Member of Legislative Assembly Andhra Pradesh
- In office 2019–2024
- Preceded by: KSNS Raju
- Succeeded by: KSNS Raju
- Constituency: Chodavaram
- In office 2004–2009
- Preceded by: Reddi Satyanarayana
- Succeeded by: Gavireddi Rama Naidu
- Constituency: Madugula

= Karanam Dharmasri =

Indian politician

Karanam Dharmasri (born 1969) is an Indian politician from Andhra Pradesh. He was a two time MLA from Chodavaram Assembly constituency in the erstwhile Visakhapatnam district.

== Early life and education ==
Dharmasri hails from an agricultural family. His father Visvanadham is a farmer. After completing his graduation in Arts in 1989, he did B.Ed. in 1993. In between, he did his Bachelor of Law from Andhra University and passed out in 1992. He married Venkata Vijayalaxmi. In June 2022, he was selected for a government teacher post, 24 years after he attended an interview because of legal delays in appointments.

== Career ==
Dharmasri was elected to the Andhra Pradesh Legislative Assembly in 2004 from Madugula representing Indian National Congress. Later, he lost the 2009 election from Chodavaram on a Congress ticket and 2014 election by a narrow margin of 909 votes, on YSRCP ticket. He won the 2019 Andhra Pradesh Legislative Assembly Election on YSRCP ticket from Chodavaram constituency in the erstwhile Visakhapatnam district and present Anakapalli district. He defeated Kalidindi Surya Naga Sanyasi Raju of Telugu Desam Party by a huge margin of 27,637 votes.

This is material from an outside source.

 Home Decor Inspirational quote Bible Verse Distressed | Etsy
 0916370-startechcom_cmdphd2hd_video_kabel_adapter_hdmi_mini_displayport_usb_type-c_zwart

He was appointed government whip in July 2022. Later, in October 2022, he resigned as MLA citing support to the three-city capitals which is being opposed by TDP. However, after some deliberations, he was nominated again by YSR Congress party to contest the 2024 Andhra Pradesh Legislative Assembly election from Chodavaram. But he lost the Chodavaram seat to his old foe, Sanyasi Raju of TDP by a margin of 42,189 votes.